Ciarán Reilly is one of Ireland‘s leading researchers in the area of the Great Irish Famine, Ireland‘s historic houses and estates, and the Irish diaspora — in particular, the relatively small number who made their homes in what is now South Africa. In 2014, Reilly published two monographs, “The Irish Land Agent, 1830-1860: The Case of King’s County,” and “Strokestown and the Great Irish Famine.” He is also an editor and contributor to “Women and the Great Hunger” (Quinnipiac and Cork University Press, 2016). Reilly was the curator of “1916 and the Irish Country House,” at Maynooth University.
Niamh Ann Kelly lectures in contemporary visual culture at the Dublin School of Creative Arts, Dublin Institute of Technology, Ireland. She has published widely on her research interests of contemporary art, histories of art and commemorative visual cultures of monuments, museums and heritage practices. Her recent publications are monographs focused on visual cultures of famine: “Ultimate Witnesses: The Visual Culture of Death, Burial and Mourning in Famine Ireland,” Famine Folio Series (Quinnipiac University Press, 2017) and “Imaging the Great Irish Famine: Representing Dispossession in Visual Culture” (I.B. Tauris, 2018).
Paper by Dr. Niamh Ann Kelly
“Famine in Art: Imagery, Influences and Exhibition in Mid-Twentieth-Century Ireland”
Thomas Davis and the Young Ireland Movement Centenary Exhibition of Pictures of Irish Historical Interest, Dublin 1946.
Mary P. Corcoran is a graduate of the University of Dublin, Trinity College and Columbia University, New York. She is Professor of Sociology at Maynooth University, Associate Dean of the Faculty of Social Science and a Fulbright-EPA Visiting Scholar at Quinnipiac University for Fall 2018. She was previously a Visiting Professor in Irish Studies and Sociology at the University of Notre Dame. Her research and teaching interests lie primarily in the fields of urban sociology, public culture and the sociology of migration. The author/editor of 11 books, she has also published widely in scholarly journals and anthologies.
Mary has a life-long commitment to promoting the discipline of sociology beyond the academy. She achieves this through outreach and engagement with government institutions, community groups, civil society organizations, arts practitioners and the media. She serves on a number of boards and was most recently appointed by the Minister for Rural and Community Development to the Western Development Commission, a statutory body that was set up to promote both social and economic development in the less developed Western region of Ireland.
Mary’s current research interest is in food policy, environmental stewardship and the promotion of urban agriculture.
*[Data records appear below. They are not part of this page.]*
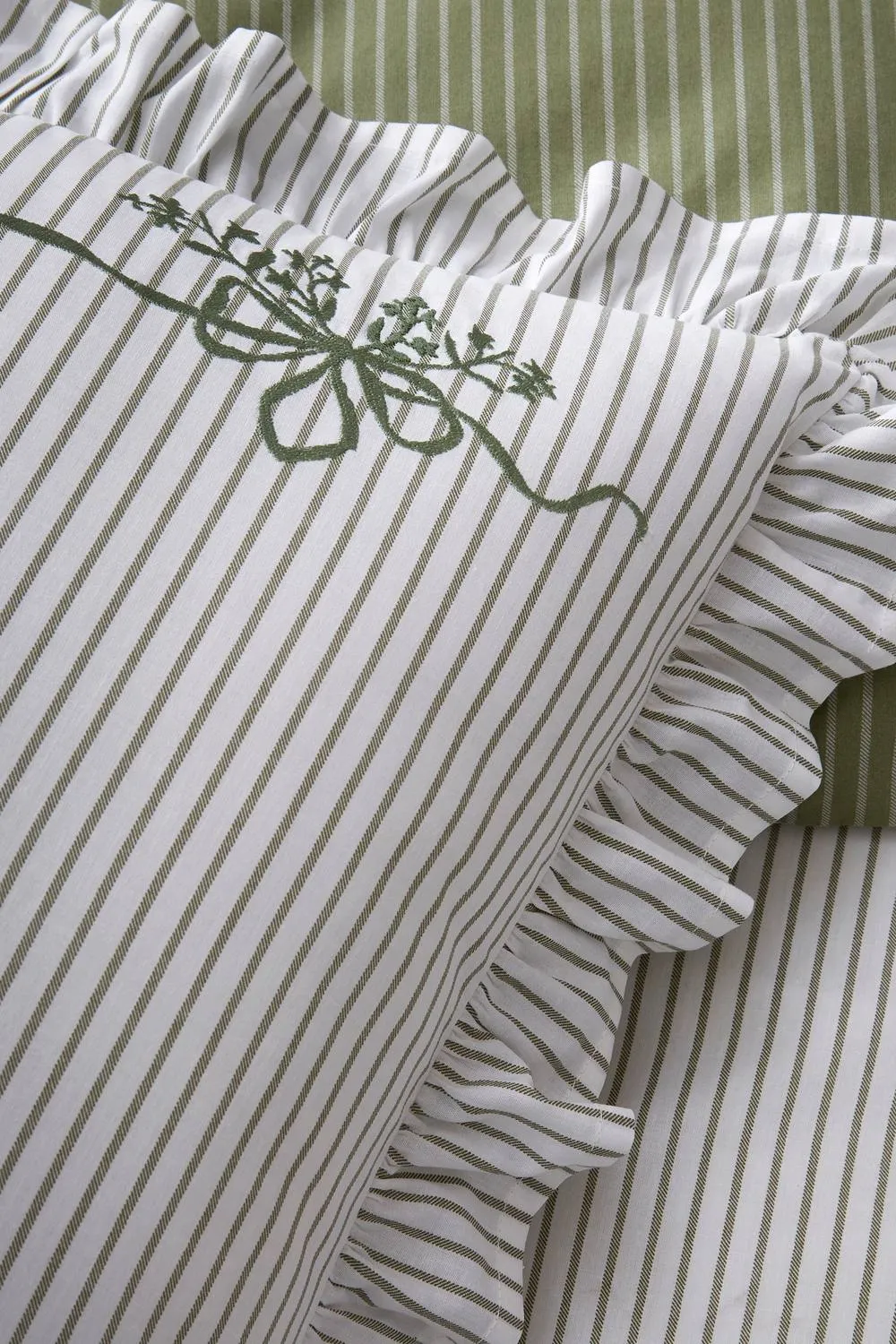 Appletree 'Frilled Embroidered Bow Stripe' 100% Cotton Duvet Cover Set in Green 3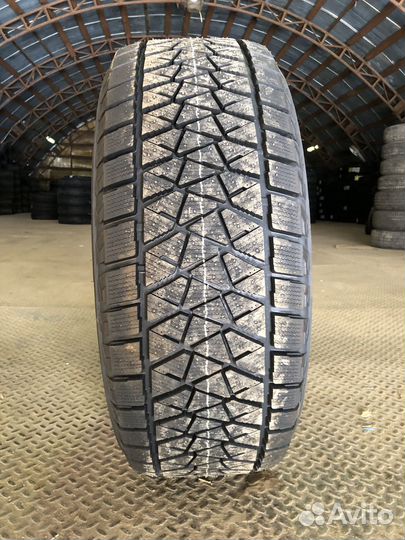 Bridgestone Blizzak DM-V2 285/60 R18 116R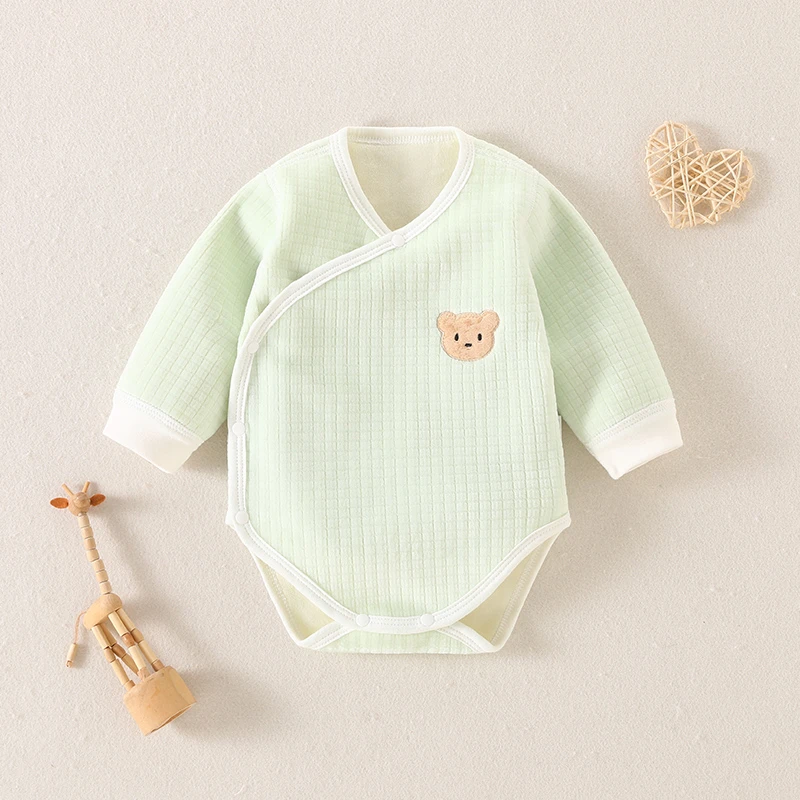 秋冬新生婴儿包屁衣加绒款三角哈衣加厚初生宝宝双层护肚连体睡衣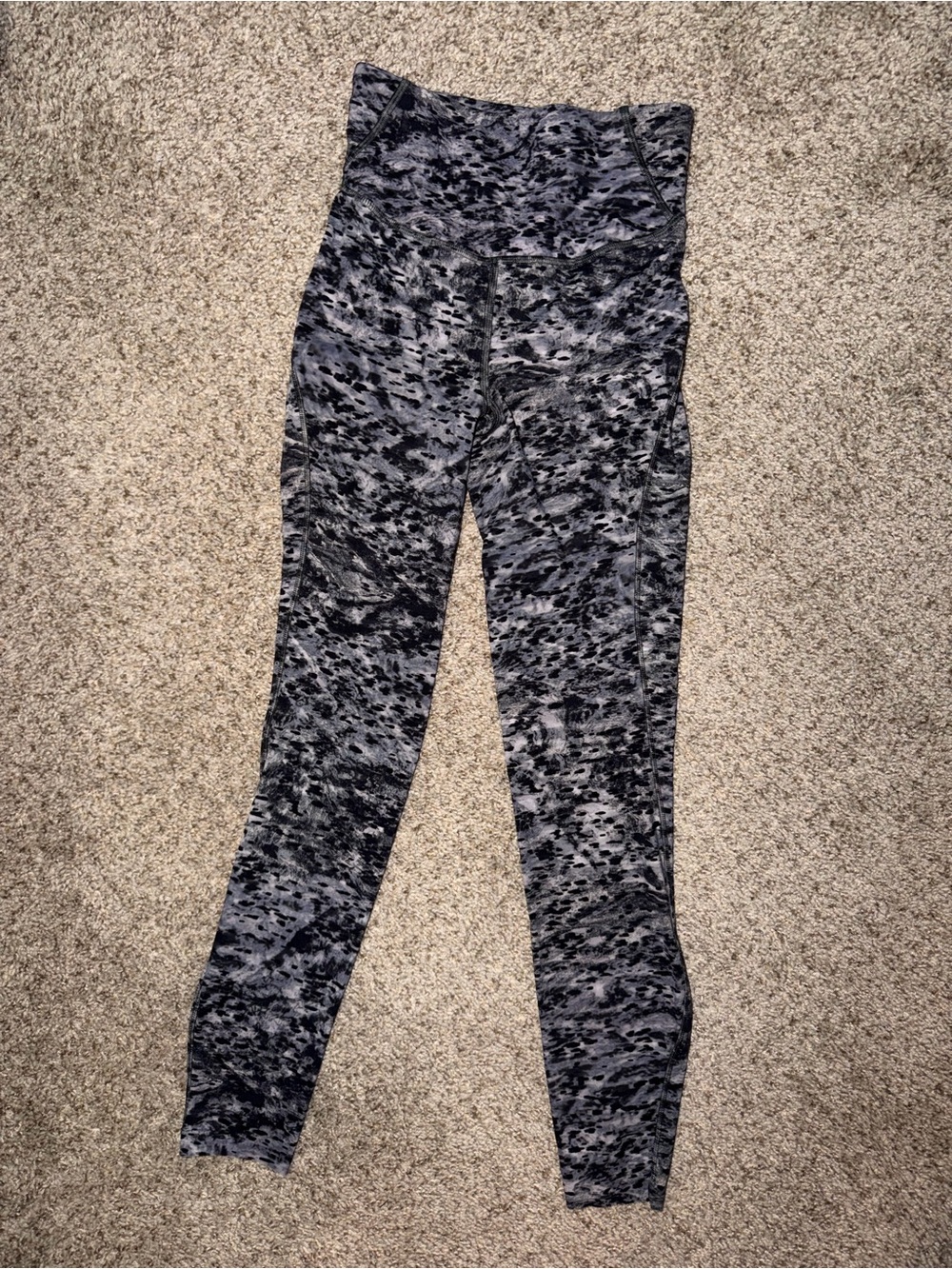 lululemon athletica Black & Gray Marble-Print Leggings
Paper by Dr. Mary Corcoran
Tornaghi, in a recent critical review of urban agriculture research, argues that we still lack a systematic analysis of “the geography of urban food cultivation and its relations with the politics of space,” (2014, p. 3). Many cities are now attempting to address the question of food democracy by challenging food production, consumption and distribution systems. There is a considerable body of research on the breadth and range of bottom-up initiatives that frequently model innovation, entrepreneurship and social inclusion strategies through a wide range of urban food initiatives. Many of these address the serious inequities that have arisen in relation to food that mirror inequities in wider society. For some sectors of the population, there are problems of access to, and affordability of food even in the richest countries of the Global North. Adapting a case study approach, this paper outlines the significance of food democracy initiatives in the city of New Haven, Connecticut. In particular, three factors emerge as key in determining the political-economy of the food landscape: a strong communitarian ethos at grassroots level operationalized through nonprofit organizations, a fiscally weak municipality and a growing recognition of the systematic inequities — both historical and contemporary — that disproportionately impact people of colour. The latter see food justice as one arena where it may be possible to achieve a degree of restitution in the short-term, and progressive social change in the long-term.
Christine Kinealy is founding director of Ireland’s Great Hunger Institute at Quinnipiac University. She has published extensively on the Famine, including the award-winning, “This Great Calamity. The Great Irish Famine, 1845–52” (Gill and Macmillan, 1994 and 2007) and “Charity and the Great Hunger” (Bloomsbury Press, 2013). Her most recent research has focused on the abolition movement in Ireland, and her most recent publication is “Frederick Douglass and Ireland: In His Own Words” (Routledge, 2018).